Daniel Mello: E hoje, para onde você vê a cena do Hip Hop caminhando?
Nelson Triunfo: Eu vejo um caminho aberto, como tem pro samba, como tem pro Rock, que nenhuma moda vai fazer 50 anos. Uma moda dura um ano, um pouco mais, até um pouco menos, porque são coisas imediatas. Se nós estamos com 40 aqui, 50, isso quer dizer que nós somos já uma cultura sólida, certo? O que é que vai continuar? Eu acho que vai ser as coisas que vão pintando, como agora tem as Olimpíadas, o nosso Break já entrou como um esporte. Quer dizer, vai ficar muito melhor, digamos, para a gente fazer as batera de break, porque vai ter mais um nome nas olimpíadas e de repente vai ser mais fácil de arranjar um patrocínio, uma coisa.
Daniel Mello: Você acha que ajuda muito estar nas Olimpíadas?
Nelson Triunfo: Ajuda nesse sentido. Nesse sentido de ter mais batalhas. Mas naquela de ir pra olimpíada mesmo é mais uma ilusão, porque são milhares de dançarinos e lá só vai dois ou três, não sei, quer dizer, não vai praticamente ninguém. Então, o mais importante é o que vai acontecer antes, vai ser os torneios que vão acontecer.
Daniel Mello: Acho que é isso, Nelson. Tem alguma coisa você acha muito importante a gente falar sobre Hip Hop, que não te perguntaram, alguma coisa que você queria aprofundar?
Nelson Triunfo: Olha é que o Hip Hop ele é um complexo, digamos que estourou agora nos anos 80 para frente, mas ele já existia em vários outros tempos. Se você for olhar em 1959 já tinham tribos na África fazendo moinho no chão, fazendo um bocado de coisa, já tinha a gente nos anos 60 no Brasil, fazendo o coco embolada, que é um rap. ‘Mas é verdade que o meu nome é Nelson, esse cabra é o cão dançando break no chão. Rápido que nem um raio e liso que nem sabão. Já o DJ fazendo scratcher no disco, mistura som de corisco até mesmo com trovão. Nesse mano eu faço fé que tira o som que ele quiser, tchi tchi’. Isso é um flow, isso é uma levada. Do mesmo jeito que o Luiz Gonzaga fazia ‘meu pé de serra, tchon, eu não deixo, tchon, tchu tchun, tun dun tchon’. Ali nos anos 50 passa 60, meu irmão, anos depois quando alguém pôs no ouvido dele o Bob Marley, ‘I wanna love you’, ele grelou os olhos assim e ficou escutando aquilo, né. Ele falou ‘isso aqui é um chotinho metido a besta’. Não é legal? É louco, mano, então, nós tivemos tudo na nossa mão, os cara muitas vezes levou lá para fora e deu lapidado para a gente, customizado, falando que é deles, ó.
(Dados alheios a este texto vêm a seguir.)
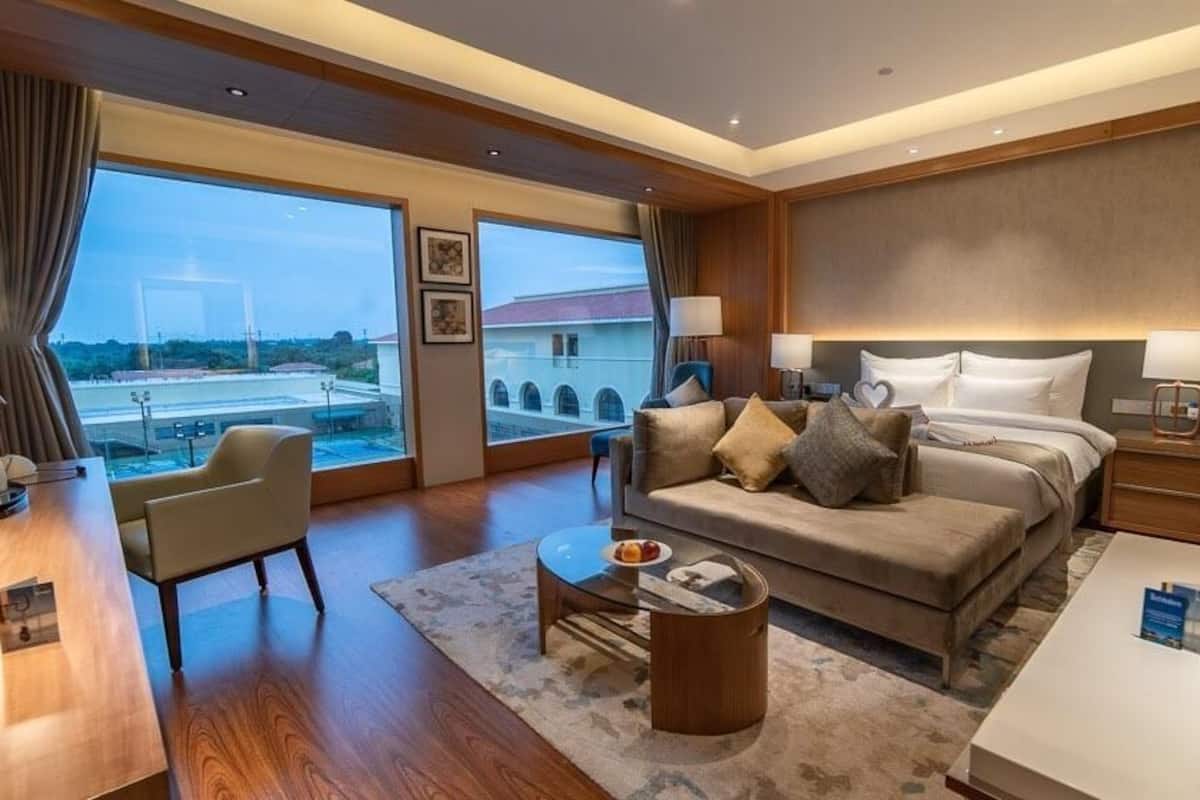 A hotel room with a large window, a sofa, a coffee table, a desk, and a bed.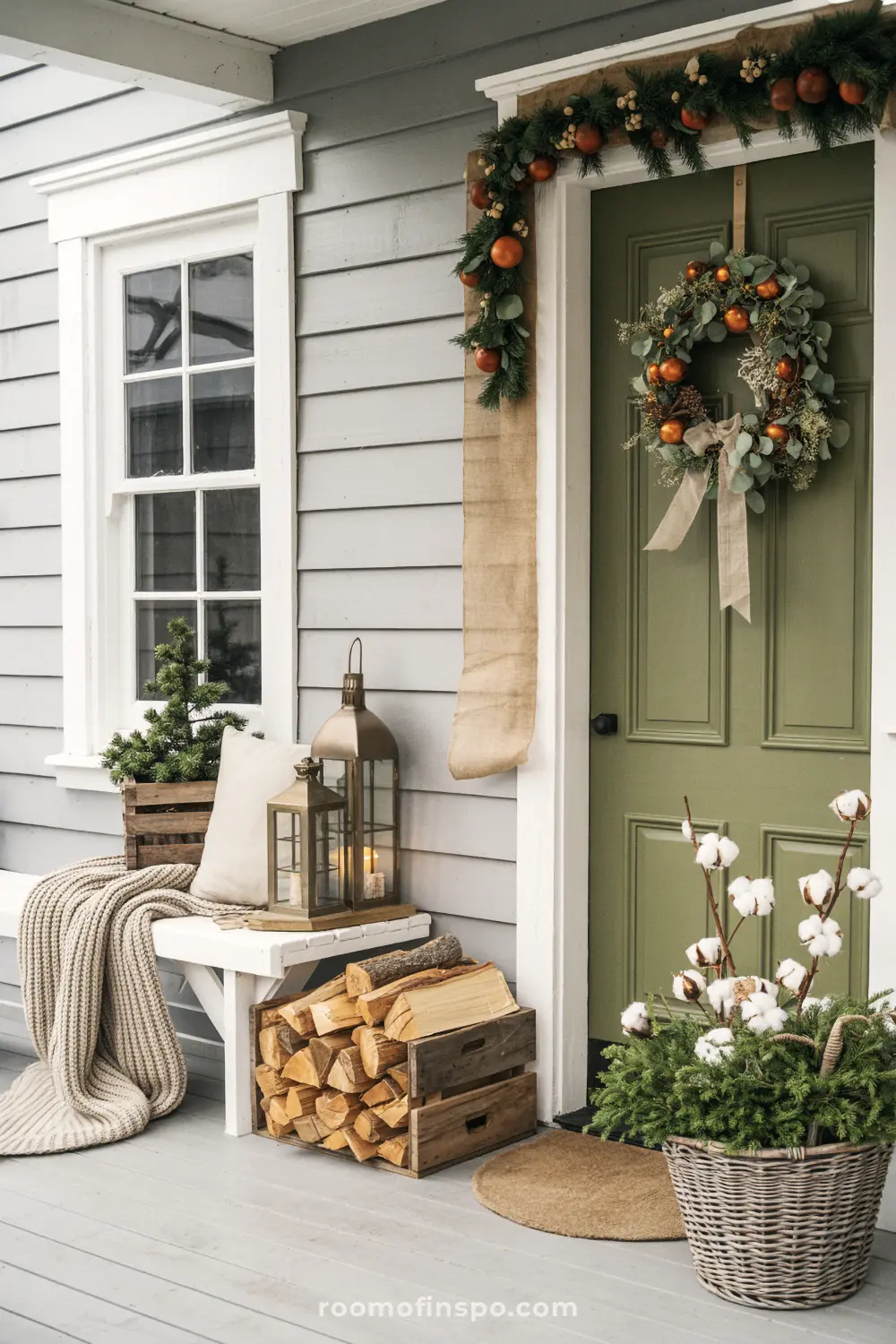 A rustic and natural front porch decorated for Christmas with firewood, a wreath, and a garland.
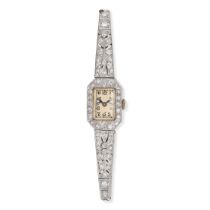 A VINTAGE DIAMOND COCKTAIL WATCH in platinum, manual wind movement, the rectangular dial with Ara...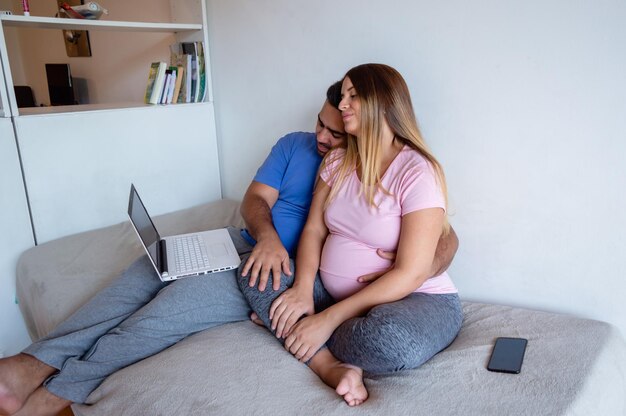 coppia eterosessuale incinta seduta sul letto utilizzando il computer portatile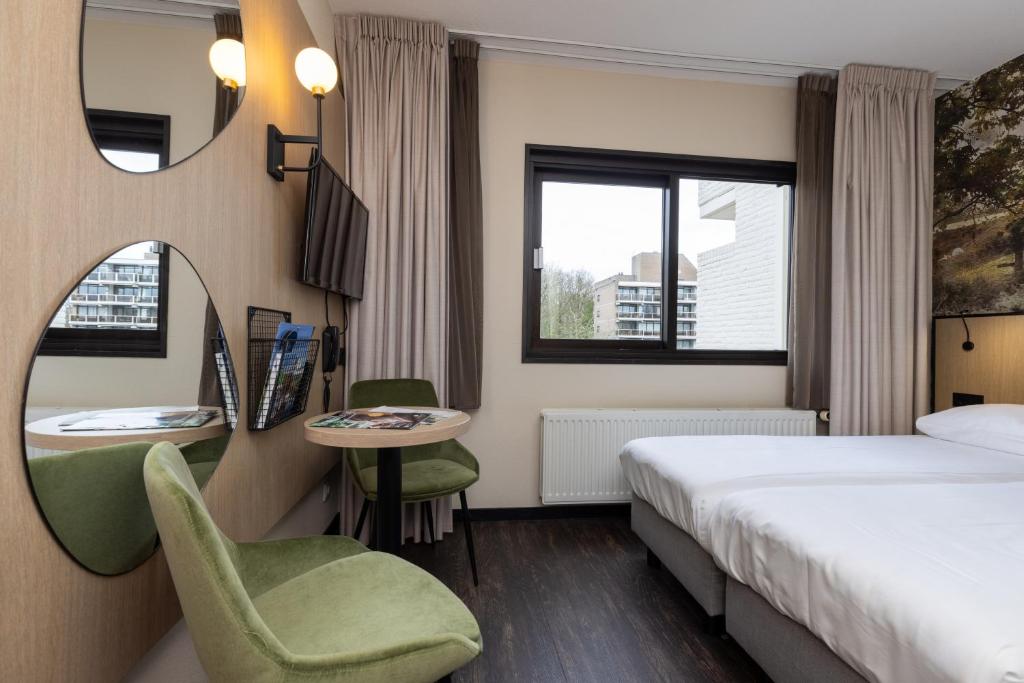 Postel nebo postele na pokoji v ubytování Fletcher Hotel-Restaurant Frerikshof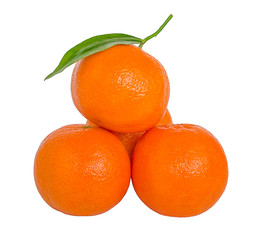 Pyramid of ripe orange mandarins with green leaf isolated on white background
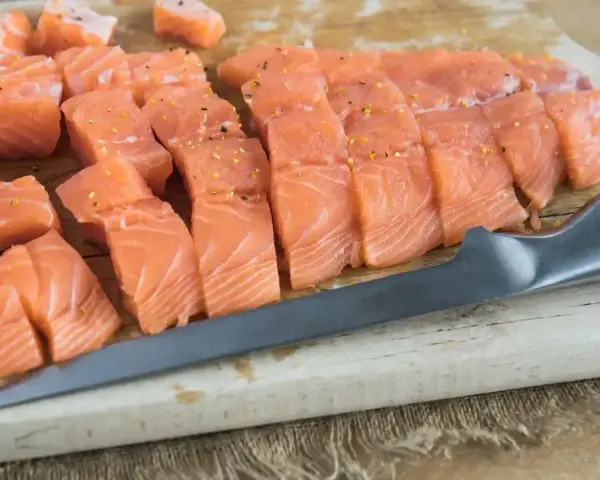 Świeży, pokrojony łosoś do sushi, doprawiony, leży na desce obok noża. Idealny łosoś do sushi.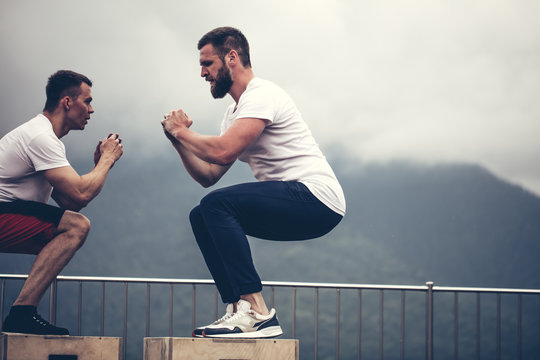 Cross-fit male athletes doing plyometric exercise. Jumping on the box. Phase touchdown, close up. Outdoor workout over mountains and foggy sky background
Daniel Mello: Então é isso, cultura negra, cultura nordestina, está tudo junto.
Nelson Triunfo: Tudo junto, meu. Inclusive o cara que trouxe para rua é nordestino, né, cara. É tantas coisas que tem a ver com a gente, entendeu? E é Brasil, Brasil o mesmo RG que fala que eu sou brasileiro, fala que o do Rio Grande do Sul, que do Amazonas é brasileiro. Nós somos brasileiro e o que for de bom nesse Brasil, nós estamos junto, é nóis.
Daniel Mello: Hoje, o que que te move no Hip Hop?
Nelson Triunfo: Hoje o que me move mais é saber que através do Hip Hop, eu posso melhorar nossa educação. E posso através do Hip Hop também mostrar o quanto é importante o respeito pela diversidade cultural. Firmeza?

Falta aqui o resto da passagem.